• [What the exercise asks]:
Exactly the lines from the one containing "Thanyaburi-Pathumthani-6NOV2021:Teerasil Dangda #10" through the final line of the data below, with pictures omitted, make up the answer.
—————
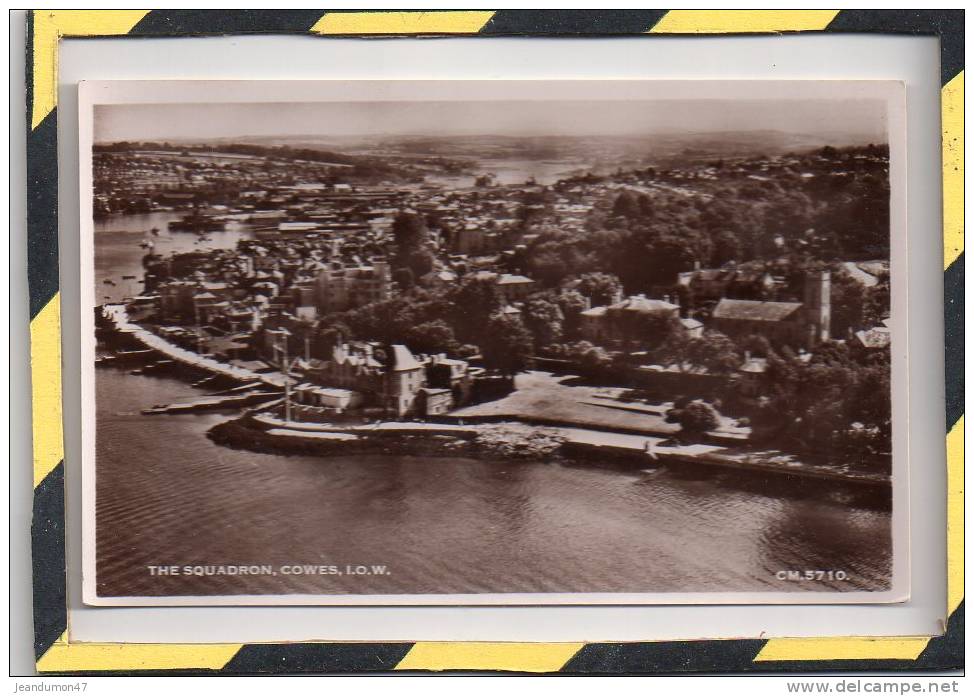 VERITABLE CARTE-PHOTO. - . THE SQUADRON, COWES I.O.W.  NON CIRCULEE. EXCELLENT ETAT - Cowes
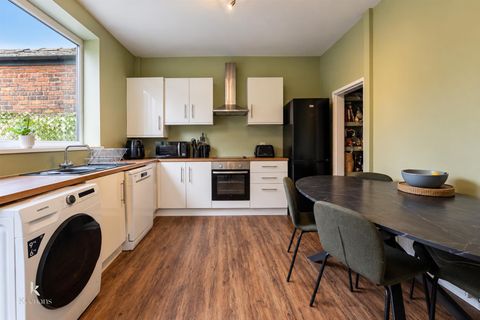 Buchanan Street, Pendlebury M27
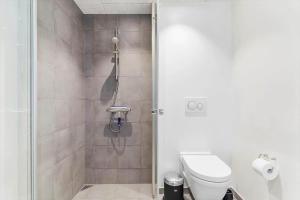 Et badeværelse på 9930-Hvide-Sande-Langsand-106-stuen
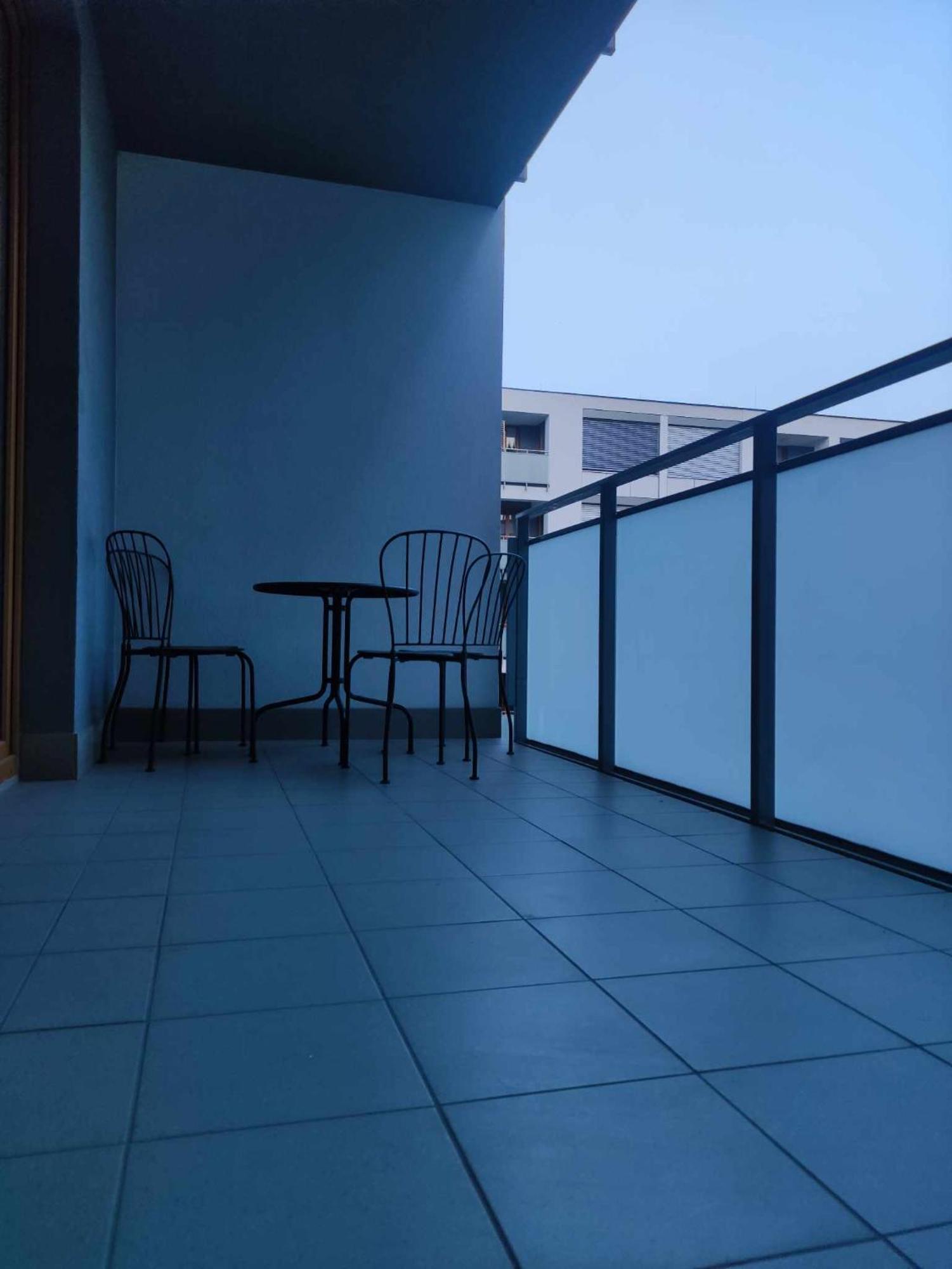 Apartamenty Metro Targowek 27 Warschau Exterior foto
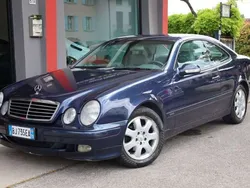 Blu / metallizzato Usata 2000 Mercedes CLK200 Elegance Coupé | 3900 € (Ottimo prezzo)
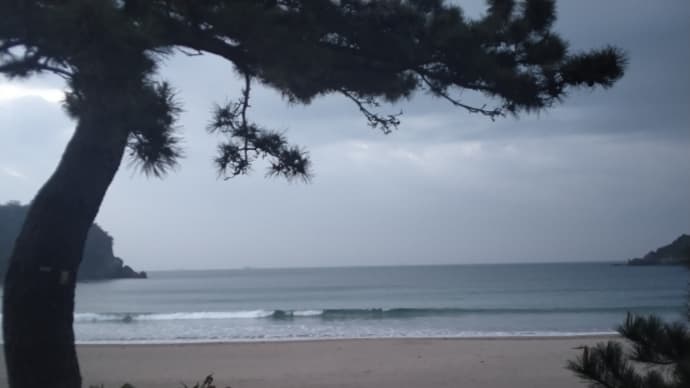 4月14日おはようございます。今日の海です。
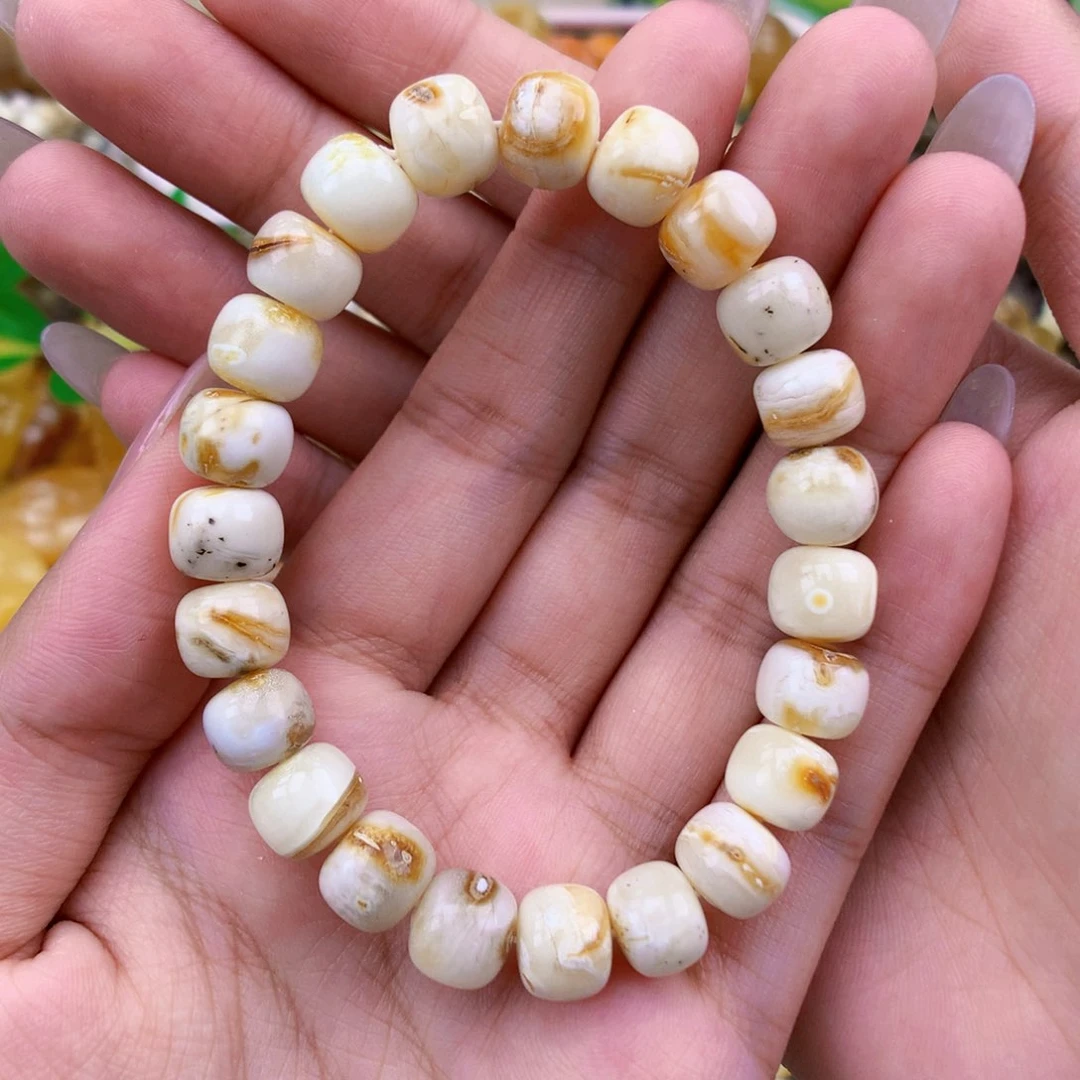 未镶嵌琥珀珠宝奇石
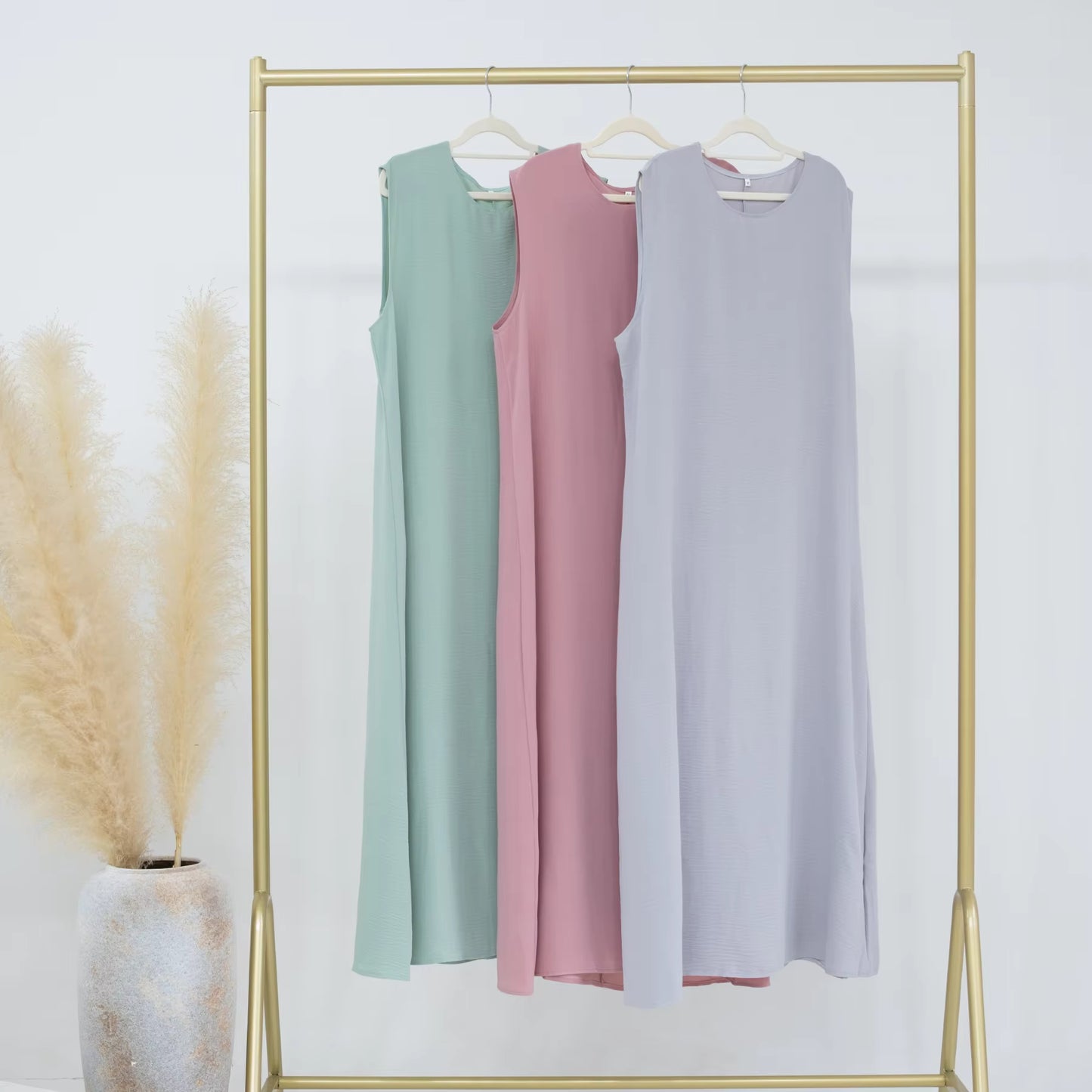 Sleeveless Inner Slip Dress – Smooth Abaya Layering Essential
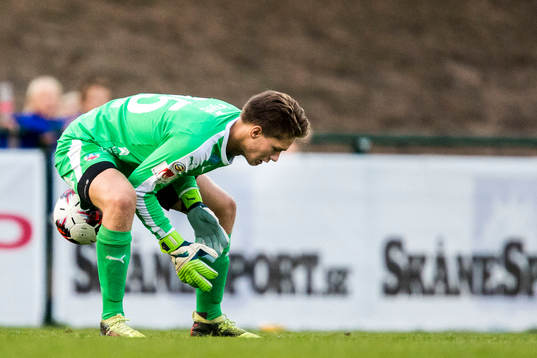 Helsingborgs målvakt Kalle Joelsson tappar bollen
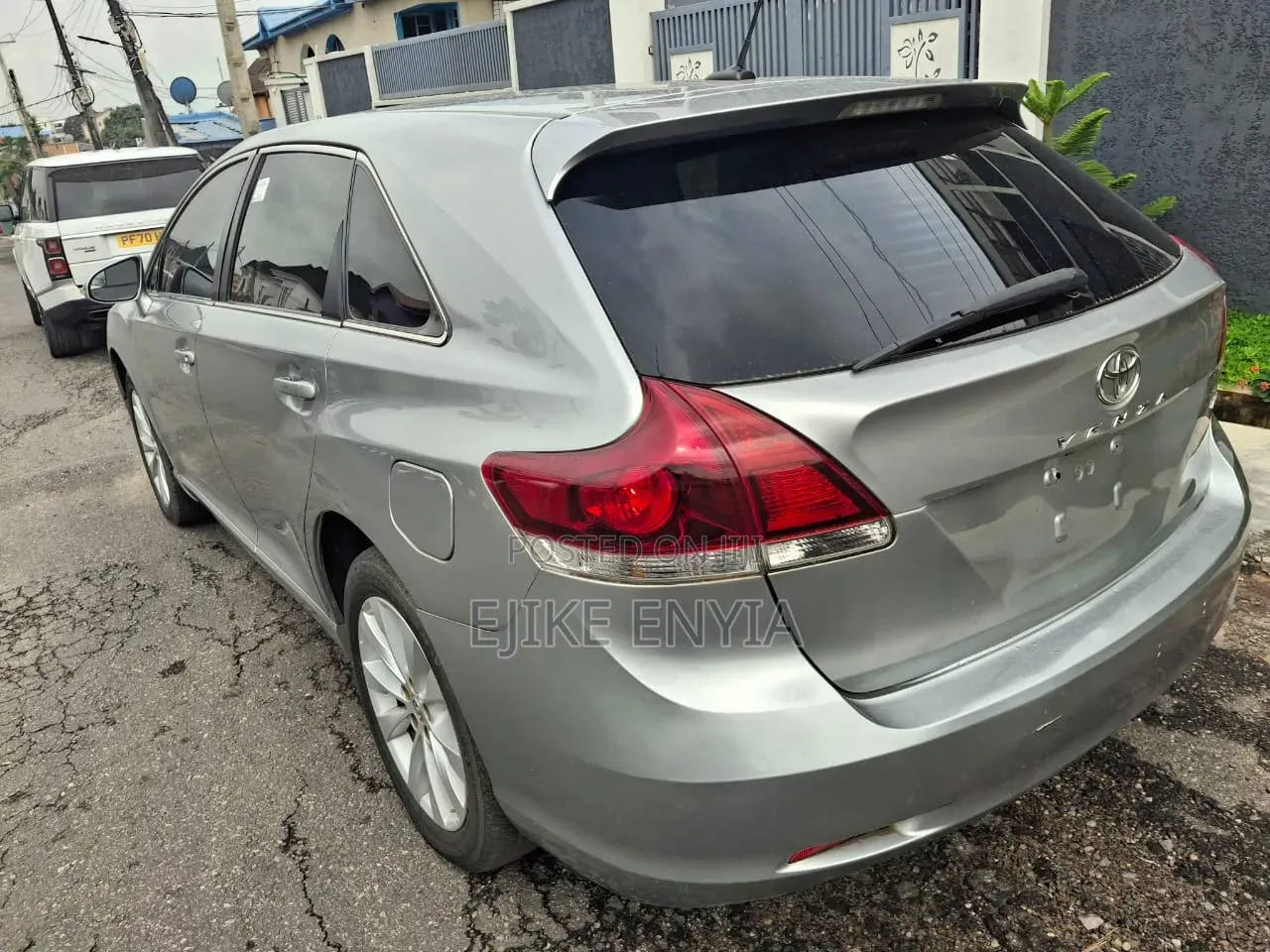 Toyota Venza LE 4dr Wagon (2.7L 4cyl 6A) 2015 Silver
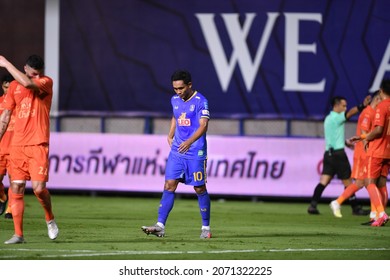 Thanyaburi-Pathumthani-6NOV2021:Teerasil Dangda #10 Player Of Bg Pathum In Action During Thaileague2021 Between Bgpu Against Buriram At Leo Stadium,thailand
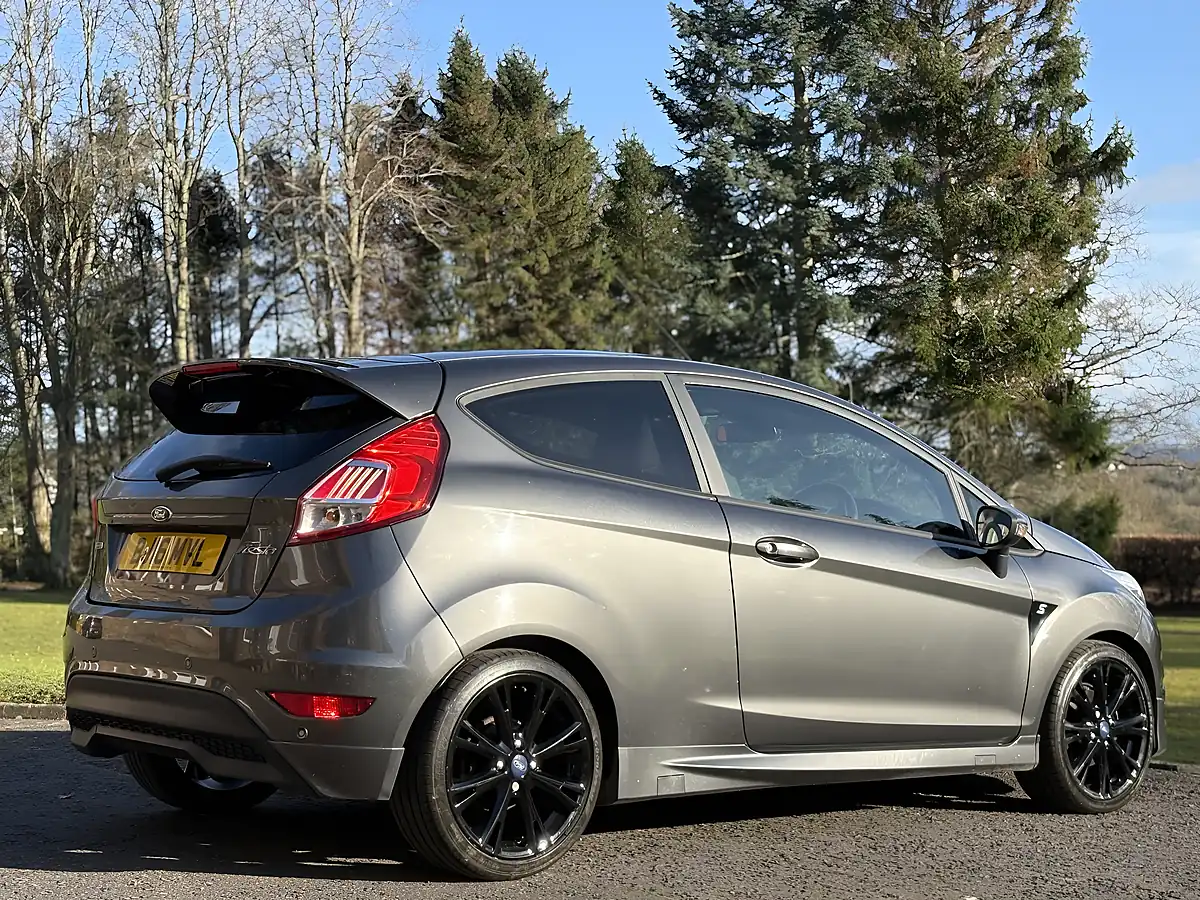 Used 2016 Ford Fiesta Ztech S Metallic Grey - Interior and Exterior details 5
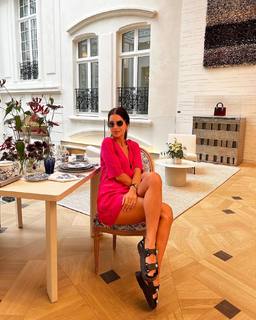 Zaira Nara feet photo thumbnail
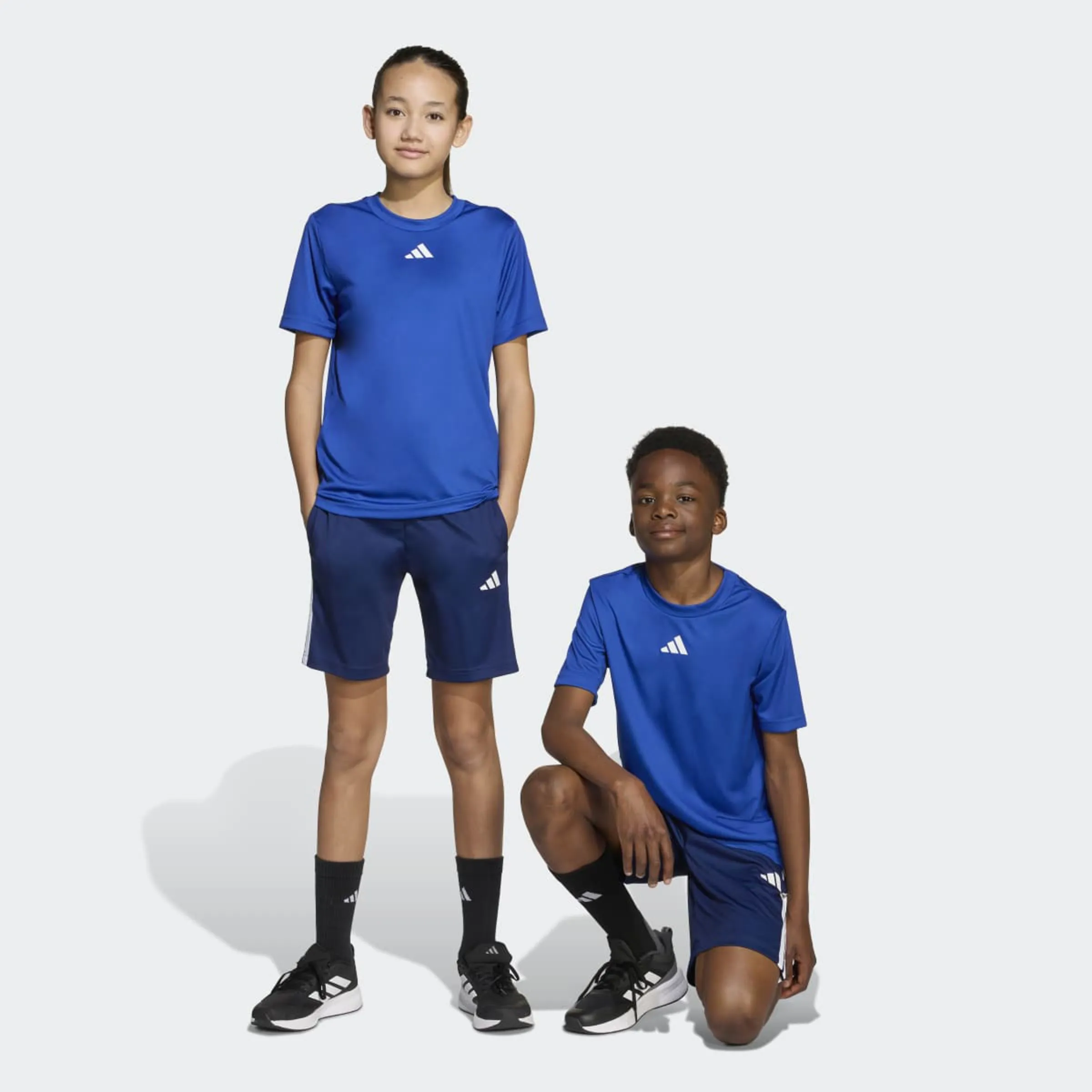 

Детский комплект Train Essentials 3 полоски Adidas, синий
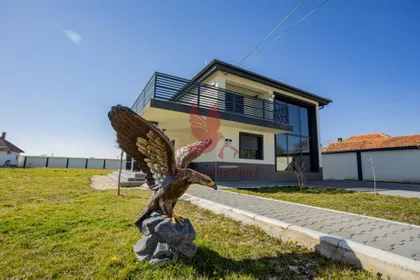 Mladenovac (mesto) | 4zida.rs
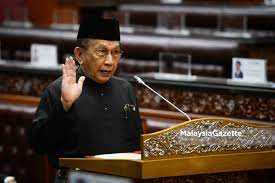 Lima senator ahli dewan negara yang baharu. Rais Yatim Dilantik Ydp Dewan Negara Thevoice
—————
• [Task solution]:
 Thanyaburi-Pathumthani-6NOV2021:Teerasil Dangda #10 Player Of Bg Pathum In Action During Thaileague2021 Between Bgpu Against Buriram At Leo Stadium,thailand
 Used 2016 Ford Fiesta Ztech S Metallic Grey - Interior and Exterior details 5
 Zaira Nara feet photo thumbnail

Детский комплект Train Essentials 3 полоски Adidas, синий
 Mladenovac (mesto) | 4zida.rs
 Lima senator ahli dewan negara yang baharu. Rais Yatim Dilantik Ydp Dewan Negara Thevoice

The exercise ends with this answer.